An exact copy is needed of the lines in the entries below from the line with "This is how you" up to and including the line with "Hey there and", and of nothing else. Leave the pictures out.

_ _ _ _ _

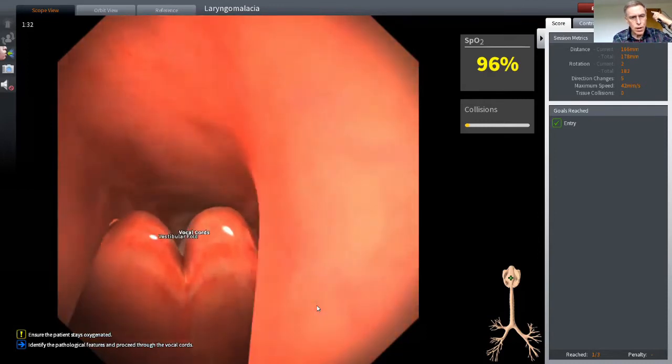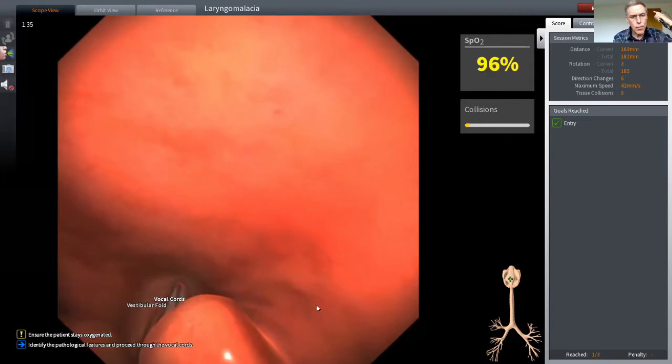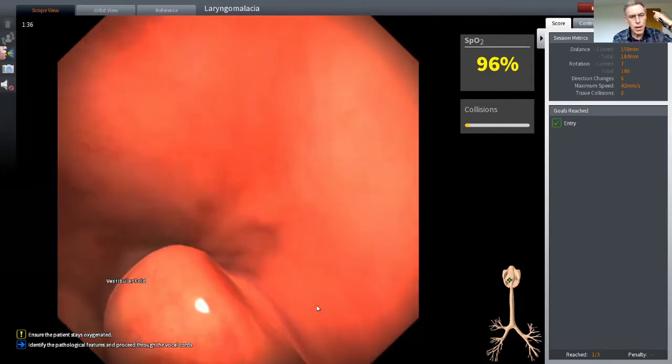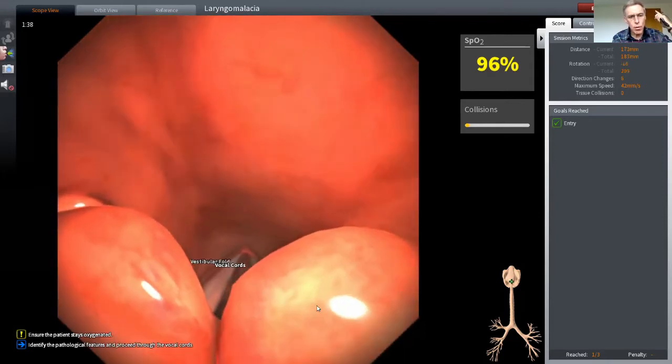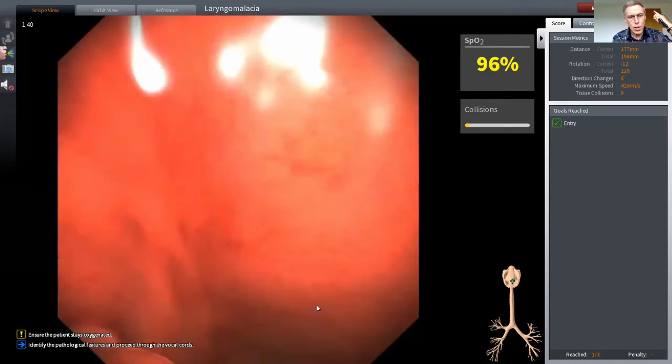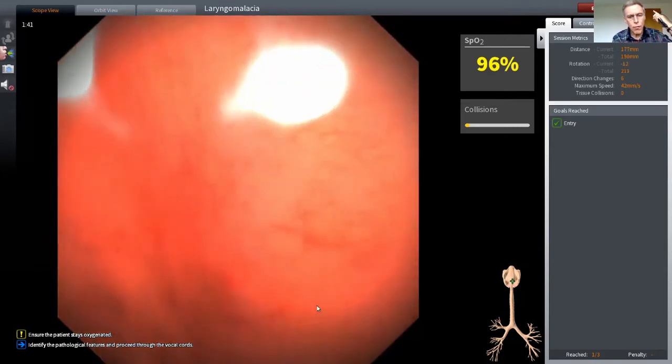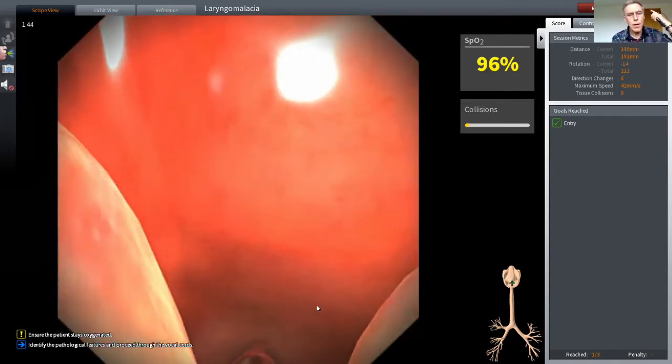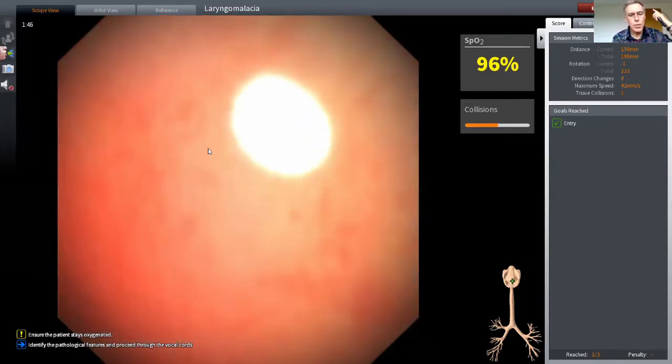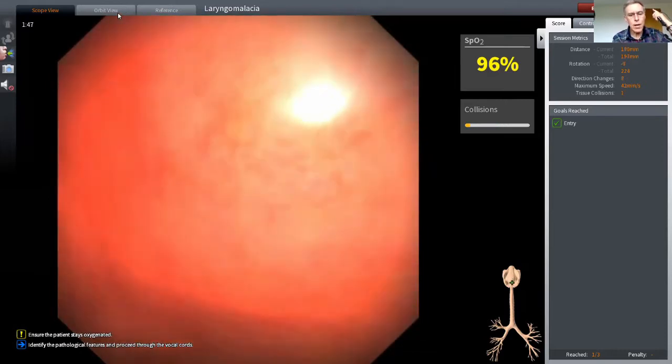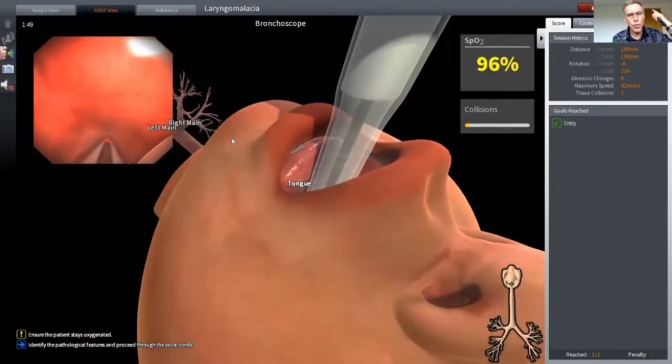So I'm going to move my bronchoscope now over the top of the arytenoids, and also I'm going to move to the orbit view, which is a great way of looking at the anatomy. Right, so we'll just do that now, switching to the orbit view.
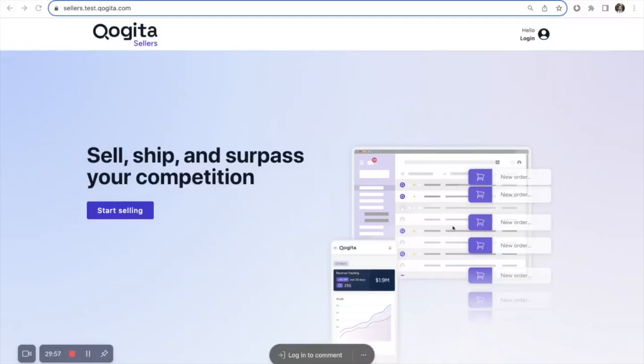Welcome to the Cogita Sellers Portal. This is a quick tutorial on how to navigate the seller portal so you can manage your account and complete your orders.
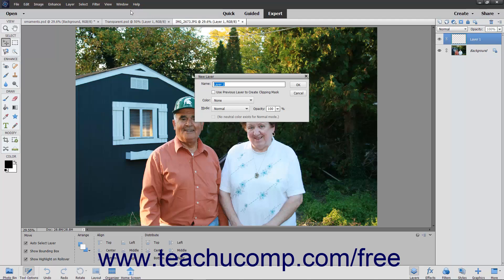In this dialog box, type the name for the new layer into the Name text box. If you check the Use Previous Layer to Create Clipping Mask checkbox, you will create a clipping group in which a group of layers is constrained to the boundaries of a base layer. Clipping groups will be discussed in upcoming lessons.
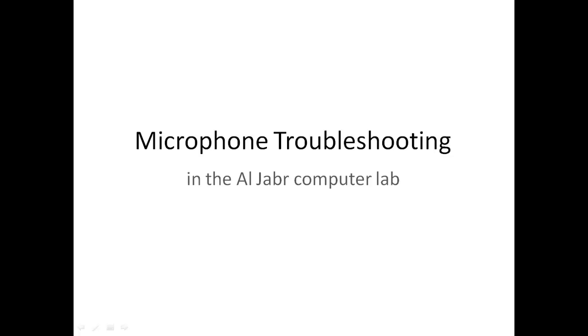Hello everyone. I realized after last class that some people had problems with their microphones when they were trying to record. So today I wanted to make a quick video on how to troubleshoot your microphone in the computer lab.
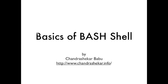Hi everybody, I'm Chandrasekhar. In this video, I'm going to demonstrate the basics of Bash shell.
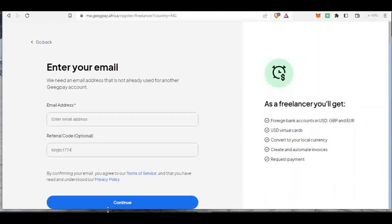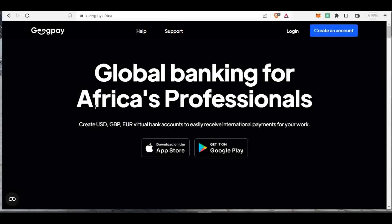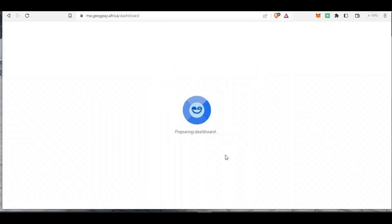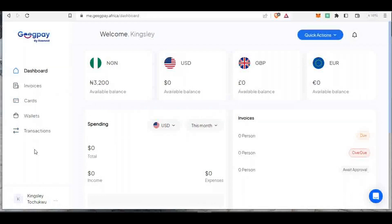Once you click continue it will take you to where you activate your email address. They will send an email asking you to verify your account. After verifying, your account will be active. The next thing you'll have to do is verify your identity. Let me log back into my account to show you — I'll go to Settings, then Identity Verification.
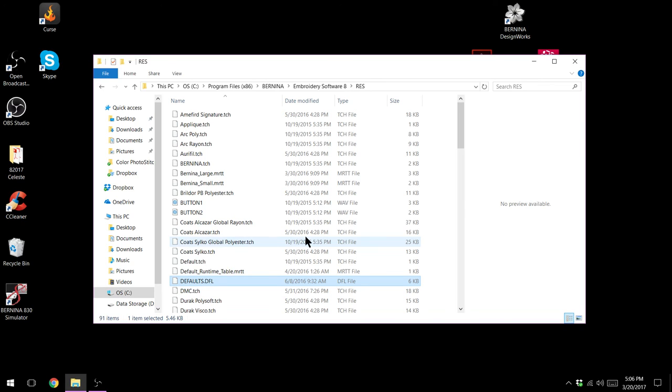The other thing is sometimes your graphics card can cause issues and you'll want to make sure that is at its latest driver as well. I hope this helps you. Let me know in the comments down below if it does.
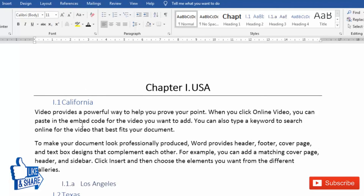This is how you can make a customized multilevel list of your choice. Thanks for watching this video. If you have any doubts please comment below — I will try to answer as soon as possible. If you want to learn something more, just comment and I will try to make a new video on that. Thank you very much for watching, bye bye, take care.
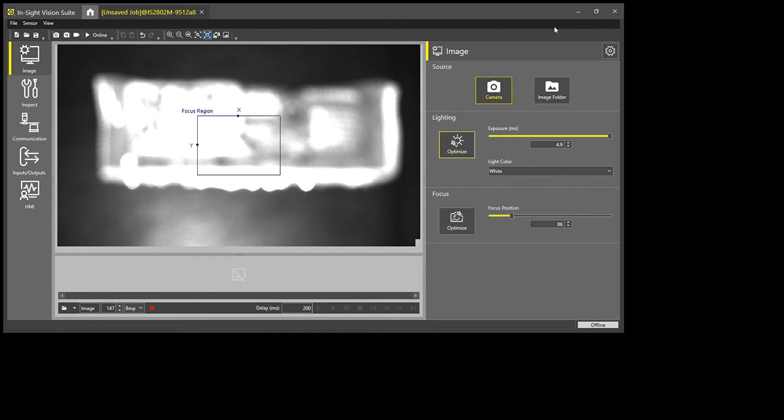I'll show you why that's important for a vision system. When doing an inspection, your image formation is extremely important—the inspection is only as good as your image is set up. For instance, the optics: which lens is going to be best for this inspection?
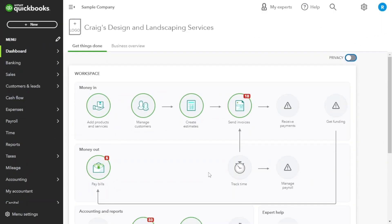Hey there and welcome back to our channel where we explore all things related to small business accounting. Today we have an exciting topic lined up for you and that is how to create a budget in QuickBooks Online.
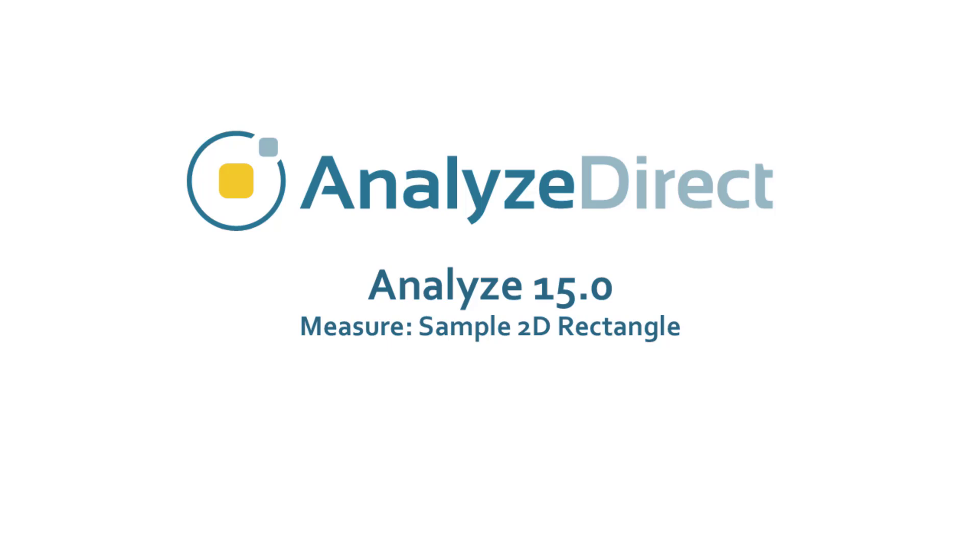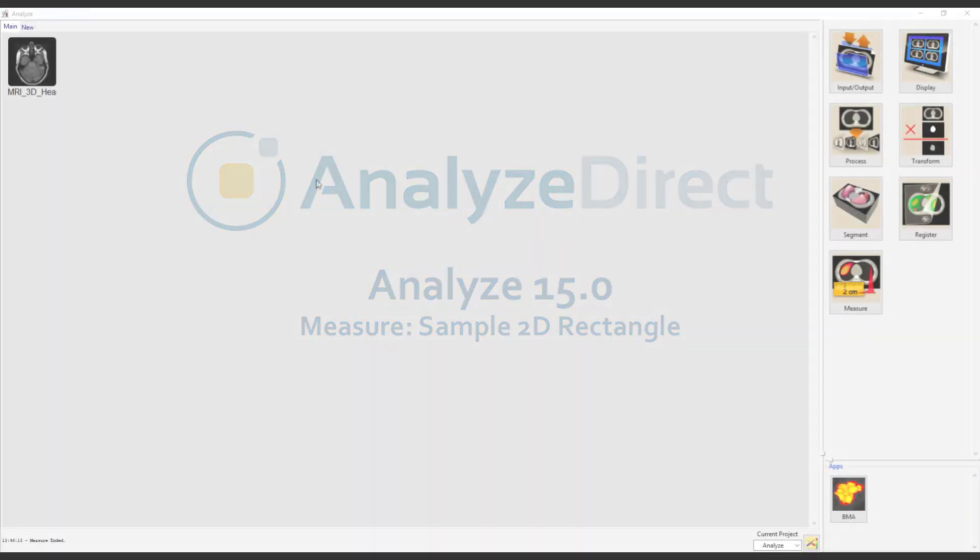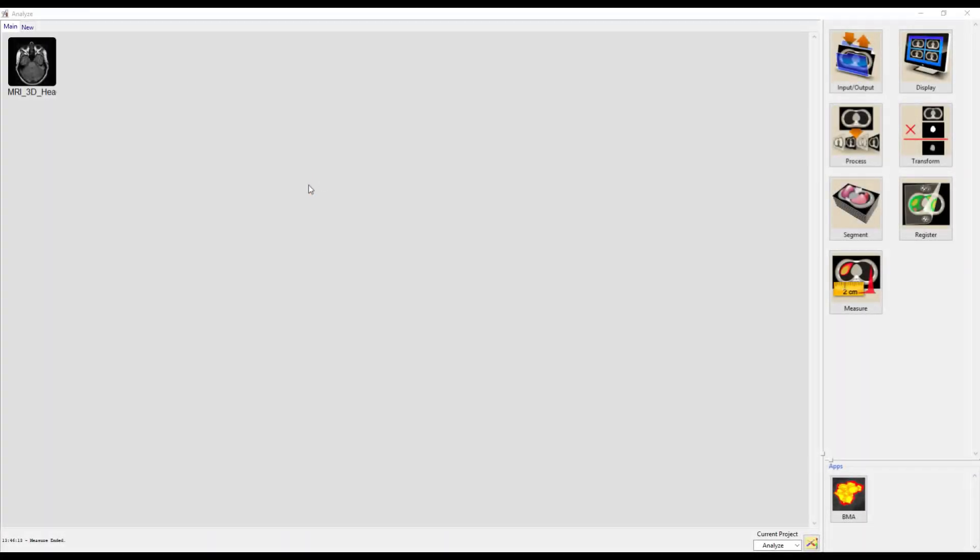The Sample 2D Rectangle tool in Analyze enables the drawing of a rectangle on the displayed image to define a region. Here we will draw a rectangular region on a head MRI dataset.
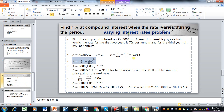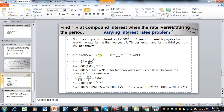So the semi-annual rate becomes 0.035. Using the compound interest formula, we write P as 8,000 and add the rate to 1, giving 1.035. Since T is 2 years and the frequency of compounding is 2, we multiply T by 2, giving an exponent of 4.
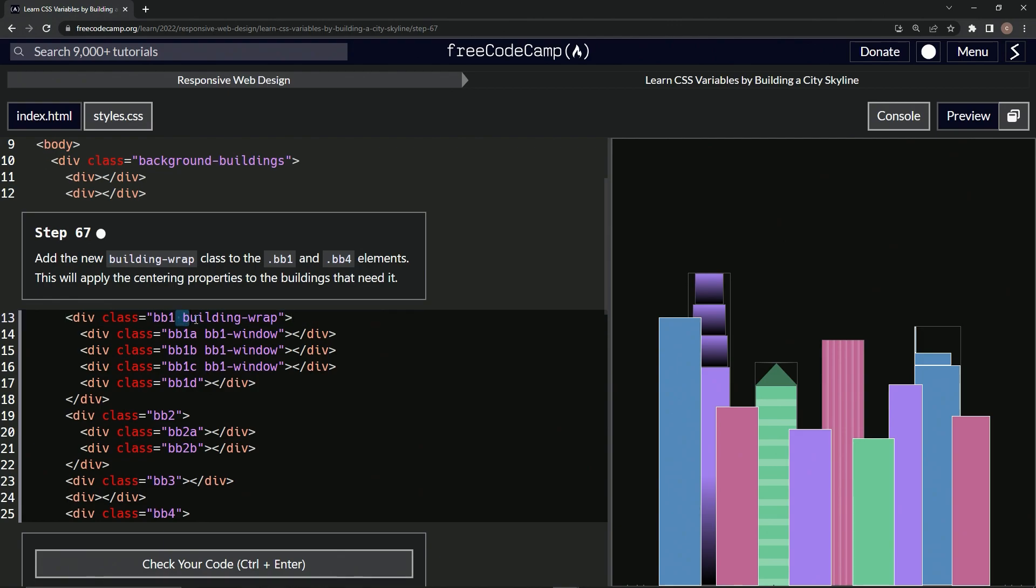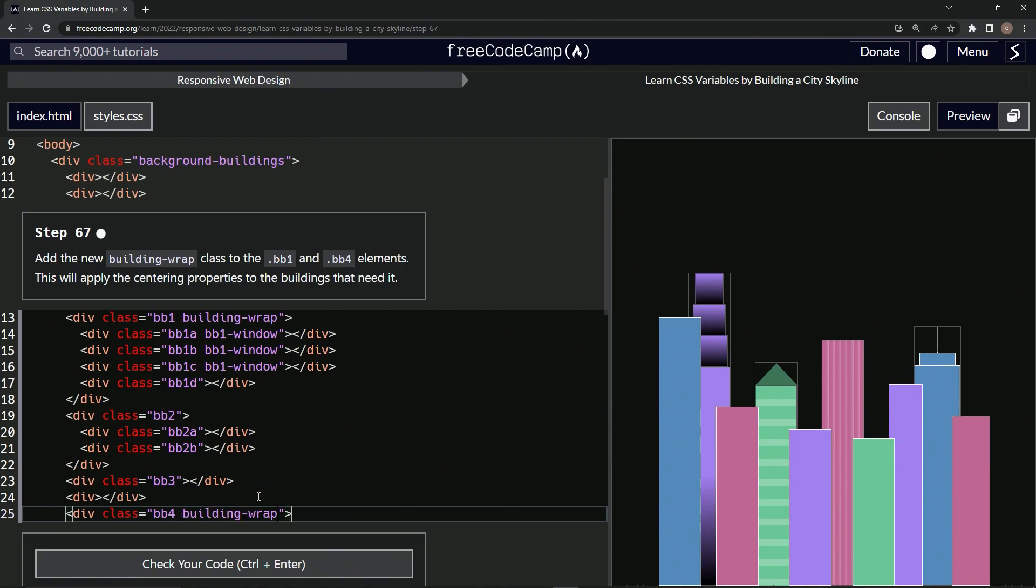And so let's copy this here. We'll take it down to four right down here. Make sure to get the space when you copy it. And look at that.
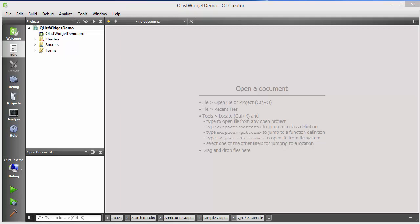Hello guys, welcome to the next video on Qt tutorial for beginners. In this video I am going to show you how we can use Qt list widget in Qt.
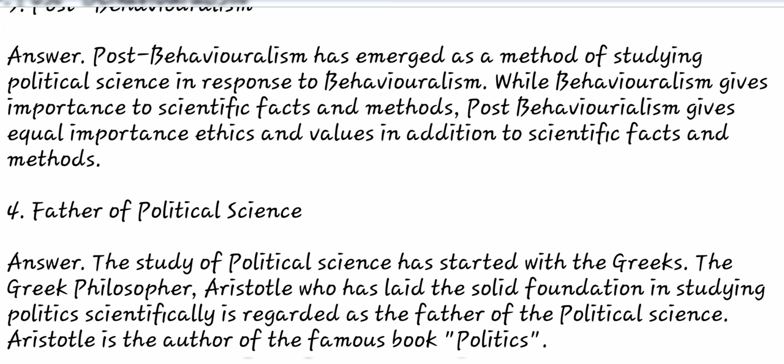Question 4: Father of Political Science. Answer. The study of political science has started with the Greeks. The Greek philosopher Aristotle, who laid the solid foundation in studying politics scientifically, is regarded as the father of Political Science. Aristotle is the author of the famous book, Politics.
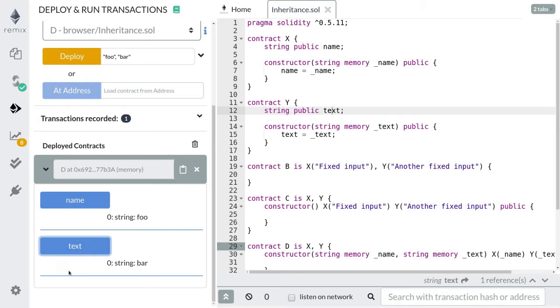I just showed you three ways to call constructors of parent contracts. Next, let's walk through some examples that will show in what order parent constructors are called.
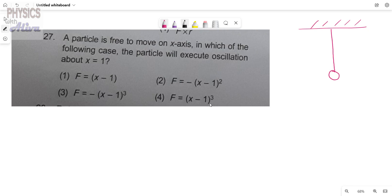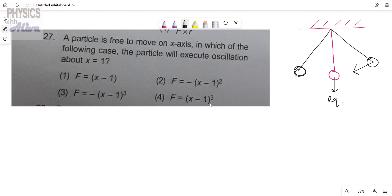Consider a simple pendulum hanging. When displaced, the restoring force acts on the pendulum bringing it back to the equilibrium position. After passing through equilibrium, it goes to the other extreme position, where the restoring force acts in the opposite direction, bringing it back again. So the equilibrium position is where the particle returns when displaced. Here, we have to check if the force acts towards x equals to 1 when the particle is displaced from it.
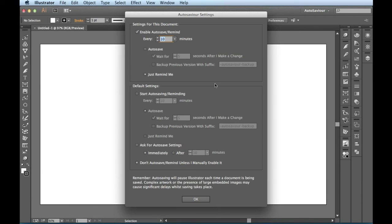Now, the last thing I wanted to mention is that the functionality without a license key is identical to the activated product, except that the About screen is going to show up each time you launch Adobe Illustrator.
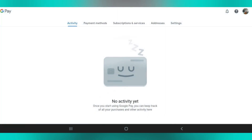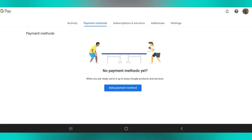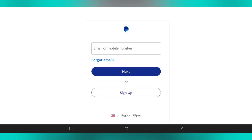First, open your Google Pay and tap on the payment methods and add payment method. Then click PayPal from the available payment methods and you will be prompted to sign into your PayPal account.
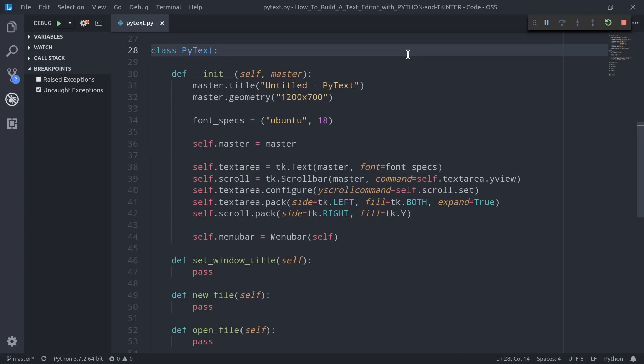Hello everyone and welcome back to my channel! This is the second video of a three-part mini-series where I show you how to build a simple yet very powerful text editor using Python and Tkinter. If you haven't seen the first video yet, definitely go check it out because watching it will help you get the best out of everything new that we're going to discuss in this second part.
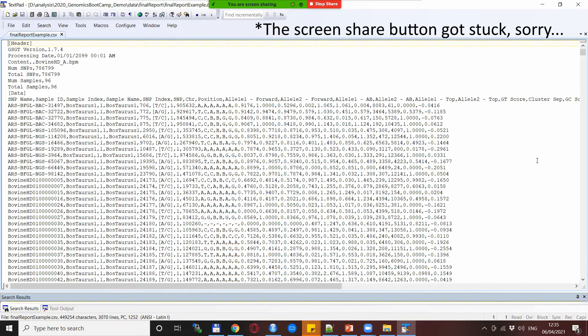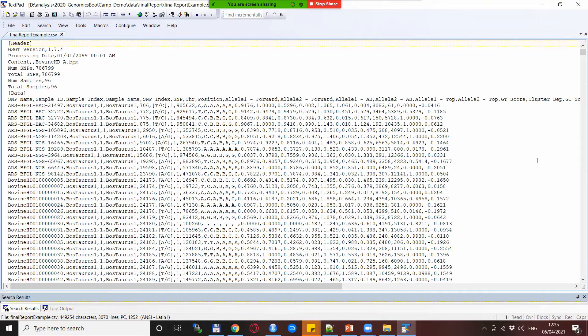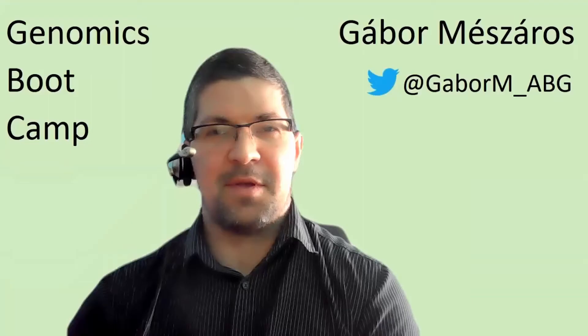So we will look at what they contain and why they are so important and frankly also quite interesting. This is how the final report looks like. It's just a big text file basically with one line for each SNP and each individual.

_ _ _ _ _

> Answer to this exercise
This is how you can make a customized multilevel list of your choice. Thanks for watching this video. If you have any doubts please comment below — I will try to answer as soon as possible. If you want to learn something more, just comment and I will try to make a new video on that. Thank you very much for watching, bye bye, take care.
I'll show you why that's important for a vision system. When doing an inspection, your image formation is extremely important—the inspection is only as good as your image is set up. For instance, the optics: which lens is going to be best for this inspection?
Hey there and welcome back to our channel where we explore all things related to small business accounting. Today we have an exciting topic lined up for you and that is how to create a budget in QuickBooks Online.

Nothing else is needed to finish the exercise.